Le terme « échange de qui et que » est purement mnémotechnique, dépourvu de toute valeur explicative.

Le mécanisme de relativation que nous appelons « échange de qui et que » est un remède au blocage de l'extraction du sujet d'une subordonnée régie énonciative. Voir l'examen du blocage de l'extraction profonde du sujet à la page connexe Relativation - extractions interdites - vue d'ensemble. Exemples :

*je lui offrais des bijoux qui je croyais que lui plaisaient
je lui offrais des bijoux que je croyais qui lui plaisaient

*tous ces objets qui je ne veux pas que traînent
tous ces objets que je ne veux pas qui traînent

L'échange de qui et que a deux analyses plausibles.

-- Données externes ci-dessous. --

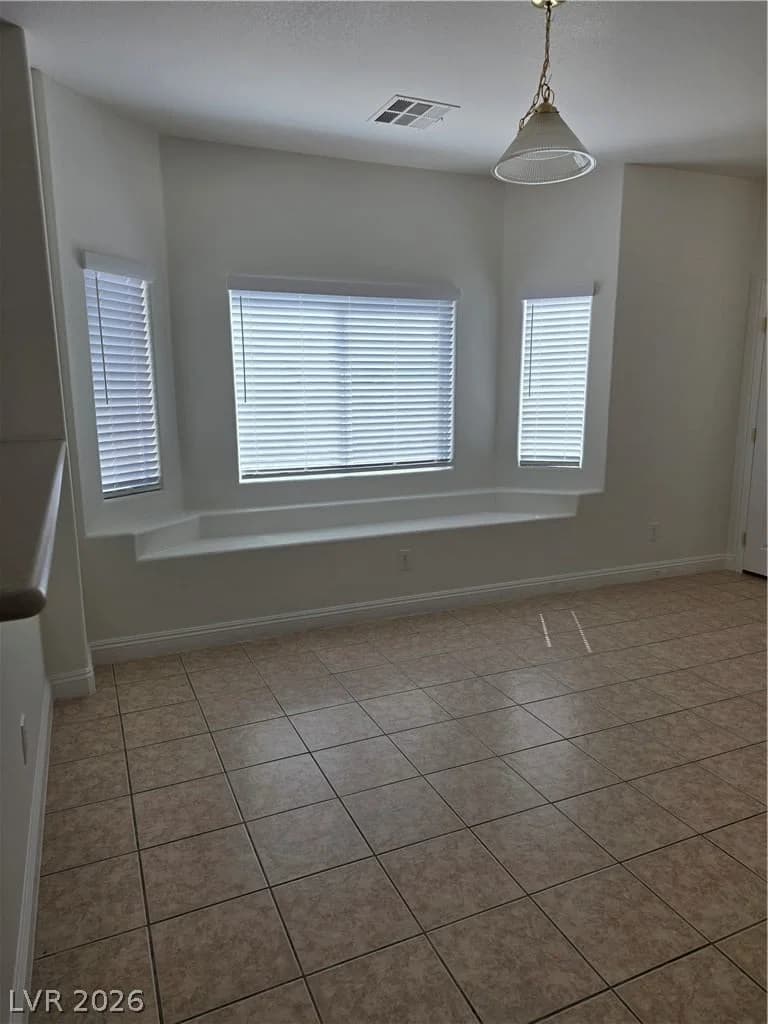 2212 Spartan View Court photo 4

Analyse 1 - relativation populaire

Les solutions qui résulteraient de la relativation populaire, examinée à la page connexe La relativation populaire, seraient

je lui offrais des bijoux que je croyais qu'ils lui plaisaient
tous ces objets que je ne veux pas qu'ils traînent

Or qu'il et qu'ils se prononcent souvent qui dans la langue populaire. D'où

je lui offrais des bijoux que je croyais qui lui plaisaient
tous ces objets que je ne veux pas qui traînent

CQFD

Analyse 2 - relativation présentative

Les qui introduisant les deuxièmes subordonnées (qui lui plaisaient et qui traînent) résultent de la généralisation de la relativation présentative. Voir la page connexe La relativation présentative.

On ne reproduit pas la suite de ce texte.